In the ongoing battle, on March 3rd, 2020 the New York City Law Department, plus the developers separately, challenged the judge’s ruling, stating it is improper to reinterpret “zoning that has been approved and consistently upheld by the Department of Buildings and Board of Standards and Appeals.” The DOB permit was supported by historic interpretation of zoning laws allowing zoning lots to be composed of partial tax lots, which the BSA affirmed. Twenty other buildings around the city have been built using partial tax lots, such as 200 West End Avenue, 160 Amsterdam Avenue, and 180 Amsterdam Avenue (built right next to 200 Amsterdam on the gerrymandered lot).

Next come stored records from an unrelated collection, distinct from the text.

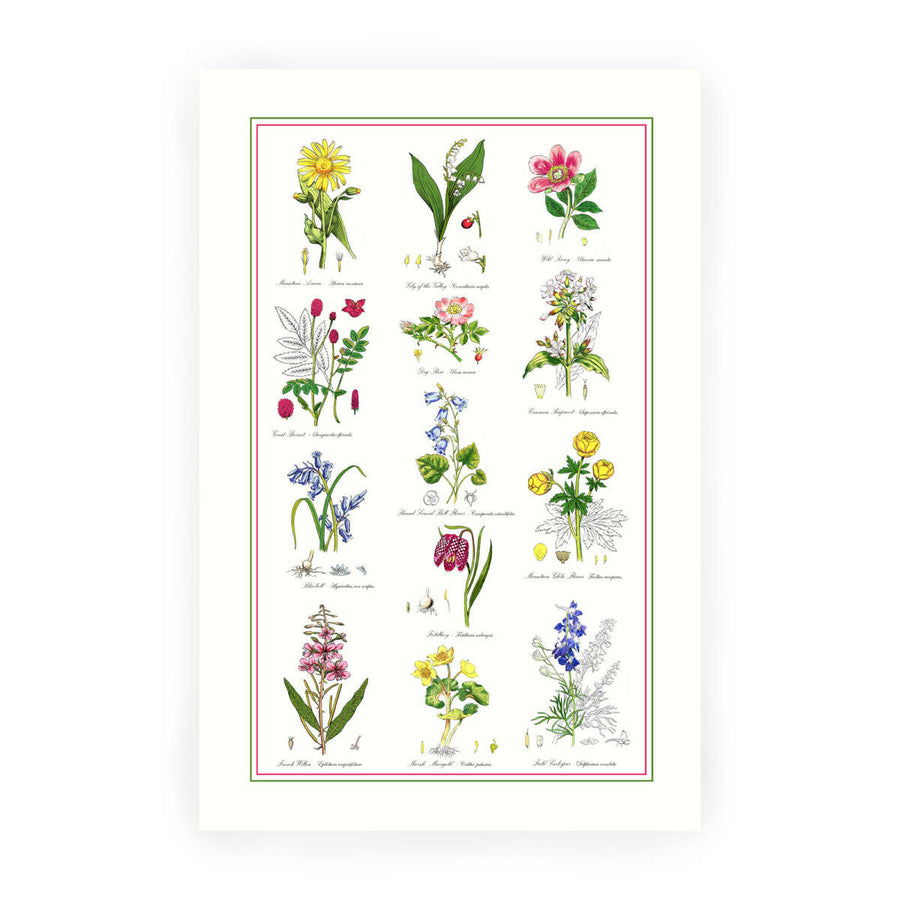 Botanical Garden Cotton Tea Towel by Samuel Lamont.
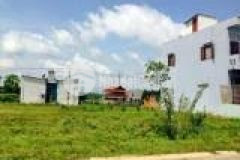 Cần bán đất mặt tiền đường tỉnh lộ 2 xã tân thông hội củ chi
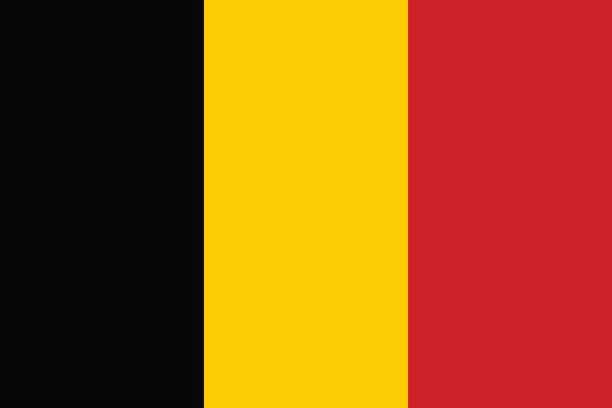 stockillustraties, clipart, cartoons en iconen met vlag van belgië - belgische vlag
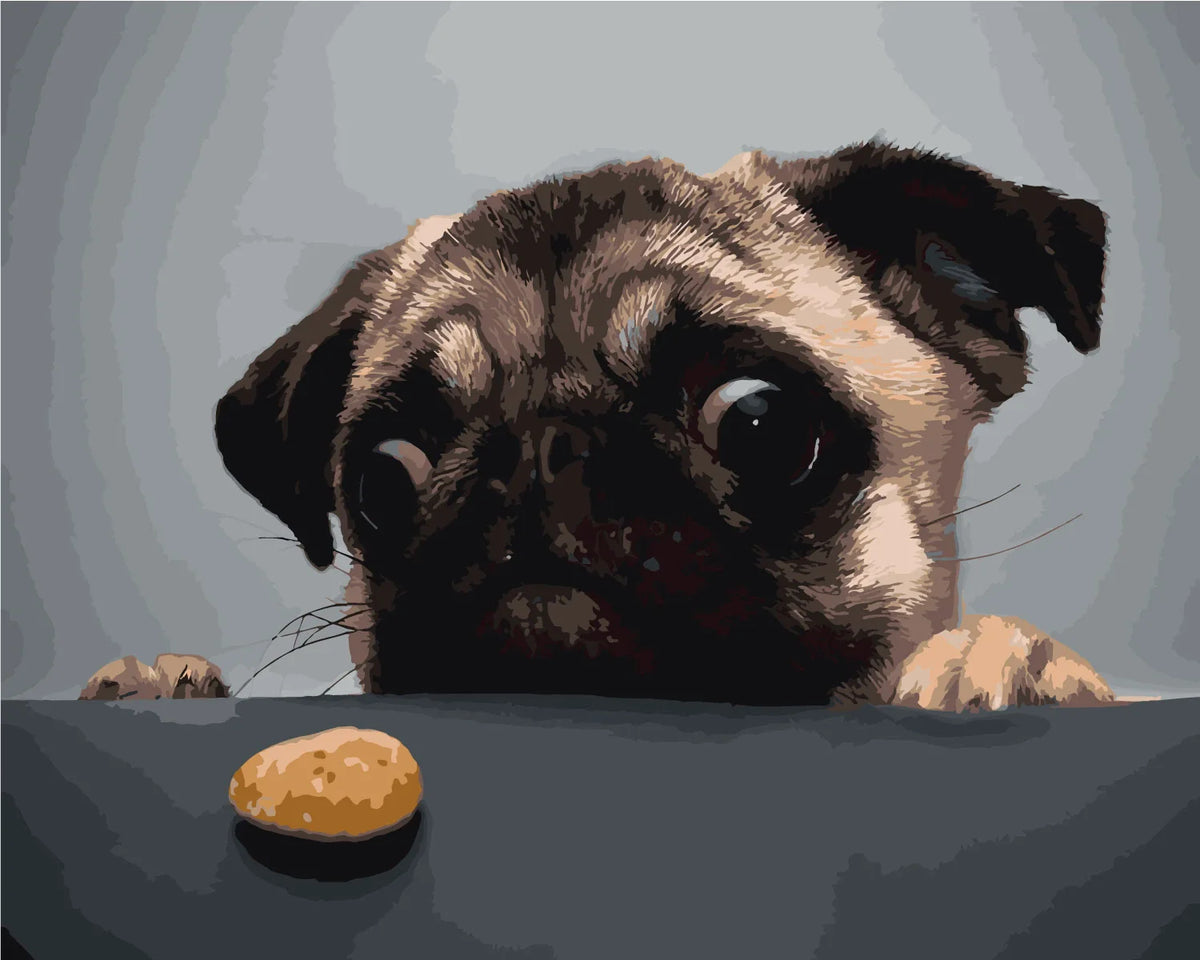Painting of a pug staring eagerly at a small treat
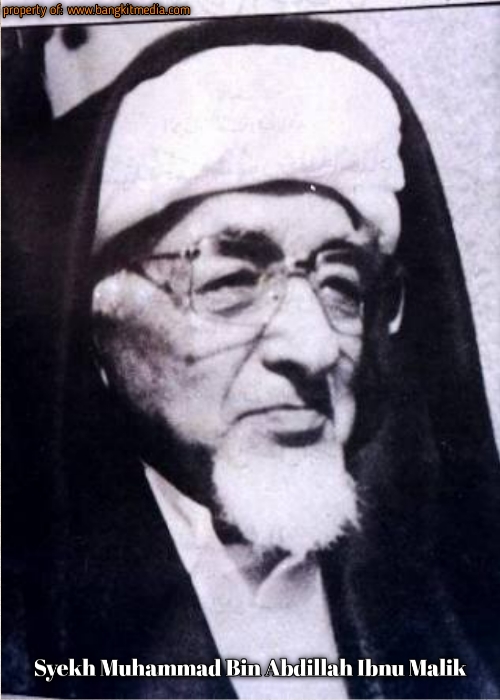 Kisah Ibnu Malik Pengarang Bait Alfiyah Lahirkan Ulama Besar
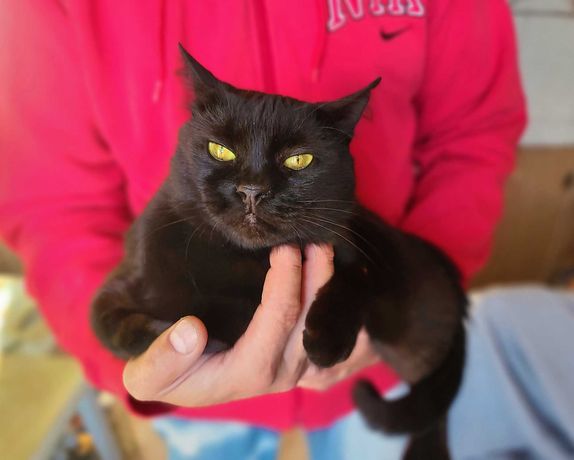 Черная шикарная кошка Мурка. (1 годик, стерилизована)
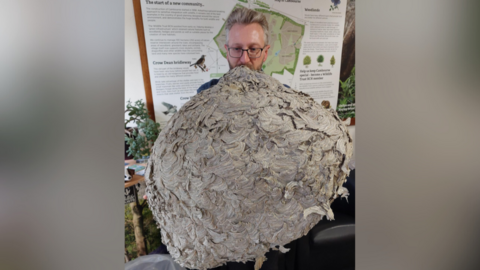 A man with light grey hair and black square frame glasses holding a giant wasps nest. The nest is so big it covers the man from the bottom of his nose to below his waist and also hides his arms and torso. The nest is a spherical shape and a light grey colour
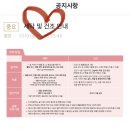 역류방지쿠션 사용법 제이앤제나 역방쿠 구매후기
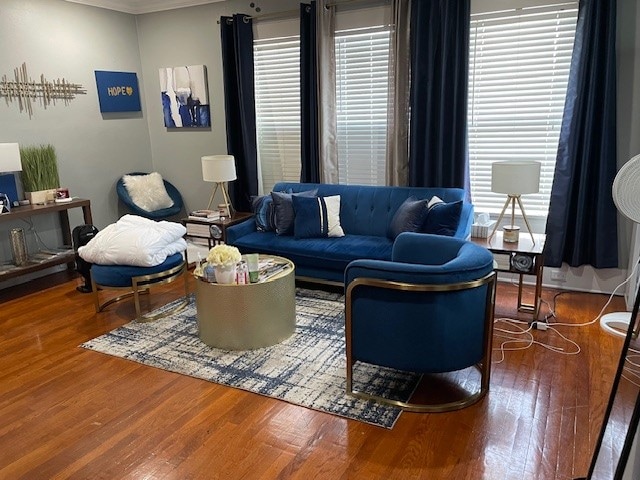 living room featuring hardwood / wood-style flooring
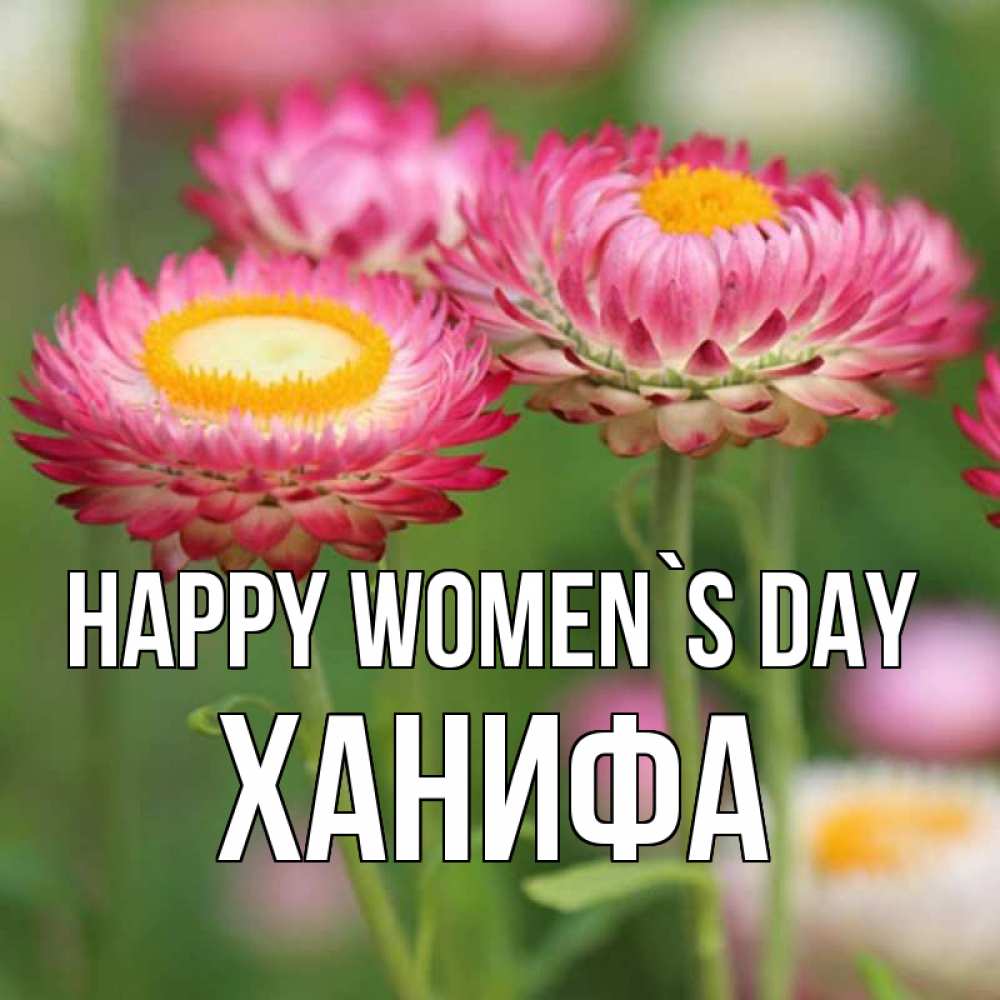 Greetings card с именем, ХАНИФА happy women`s day подарок на международный женский день Greetings with text for free download 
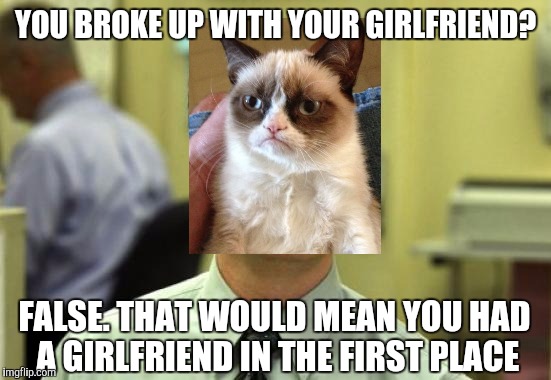 Dwight Schrute Meme | YOU BROKE UP WITH YOUR GIRLFRIEND? FALSE. THAT WOULD MEAN YOU HAD A GIRLFRIEND IN THE FIRST PLACE | image tagged in memes,dwight schrute | made w/ Imgflip meme maker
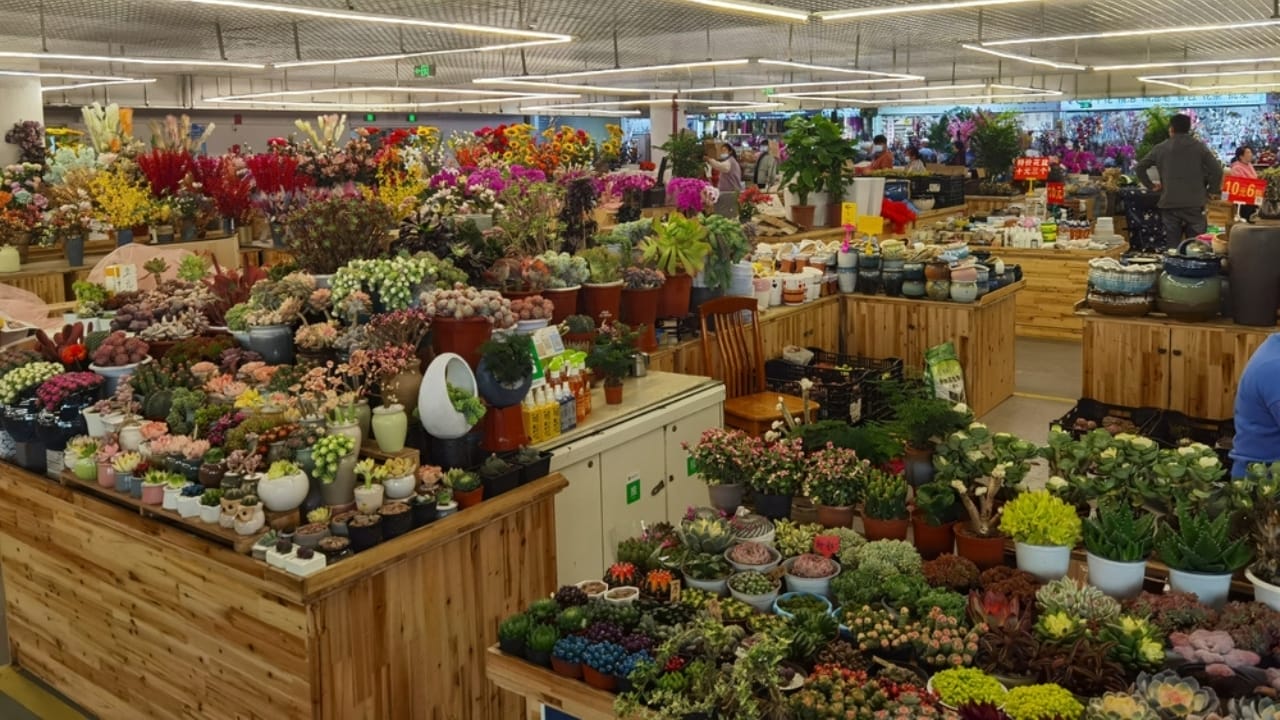 10 Alarming Facts About the Houseplant Black Market Threatening Plant Survival 7 10 Alarming Facts About the Houseplant Black Market Threatening Plant Survival - succulent shop ss2438628507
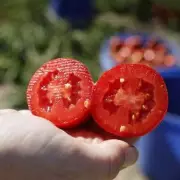 UK Gardeners Warned: Critical Tomato Planting Mistake to Avoid This Spring
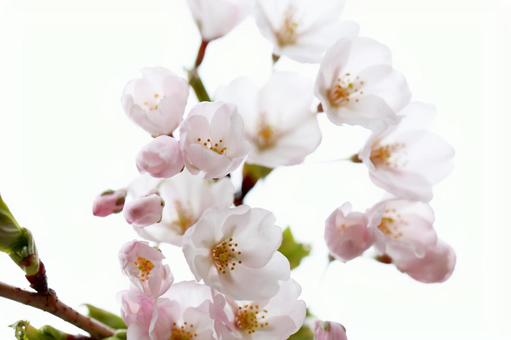 咲き始めの美しい白色の桜の花 咲き始めの美しい白色の桜の花の写真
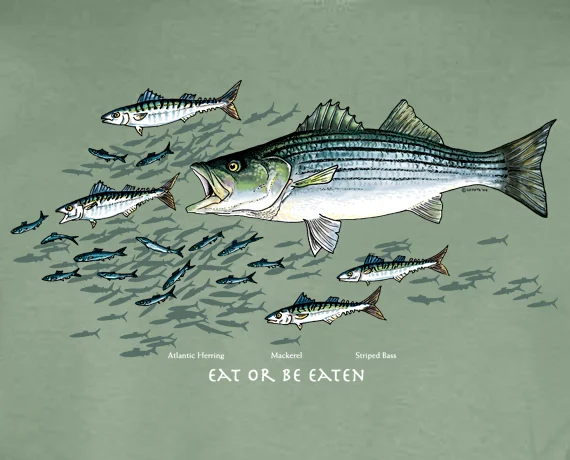 Striped Bass Eat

Work is continuing on the Upper West Side building, where a number of units are in contract for purchase. The court ruling adds unnecessary uncertainty and risk in the industry, threatening already constructed, and perhaps even occupied, buildings. Based on case-proven precedent, even NYC architects and developers probably would have made the same decisions.

Buildings far taller than 12 stories have been razed without incident, but that is not the issue; it is how the approval process is followed. 

In the only local example of demolishing extra floors, on April 23, 1991, five years after its completion in July 1986, Albert and Laurence Ginsberg, father and son developers, agreed to raze the top 12 floors off an apartment tower at 108 East 96th Street, near Park Avenue, that was built too tall for zoning rules. This dramatic outcome brought the unoccupied structure into compliance with the law; the DOB had granted architects Schuman, Lichtenstein, Claman & Efron (SLCE) a permit for the work, fooled by an ambiguous zoning map. Mayor David N. Dinkins, a neighborhood group called Civitas, and the developer settled on the 31-story shell being cut down to 19 stories, paving the way for its eventual occupancy. Five years of paying for an empty shell plus the cost of demolition would be enough to bankrupt any lesser mortals and businesses.

In related news this year, a challenge to Extell’s proposed 775-foot apartment tower at 50 West 66th Street was rejected by the BSA, upholding the DOB’s permits for the future tallest tower on the Upper West Side. However, the architect firm Snohetta reduced the mechanical spaces on four separate floors, none larger than 64 feet tall. The DOB and fire department requested the changes from the original plan that had a 180-feet tall mechanical space. A month after the city signed off on Extell’s plans, the city council closed a loophole; any utility floor taller than 25 feet will now count toward the building’s zoning floor area.

“The developers of 200 Amsterdam took advantage of a decades-old zoning interpretation to create a gerrymandered 39-sided zoning lot in order to construct a luxury building that is one of the tallest on the Upper West Side. We are closing this loophole so that developers will no longer be able to cobble together partial tax lots for new buildings,” City of New York Deputy Press Secretary Jane Meyer said in an email.

Who will pay for closing this loophole? Both the developer and the civic groups have already paid dearly.


Brian J. Pape is a LEED-AP “green” architect consulting in private practice, serves on the Manhattan District 2 Community Board, is co-chair of the American Institute of Architects NY Design for Aging Committee, and is a journalist who writes about architecture.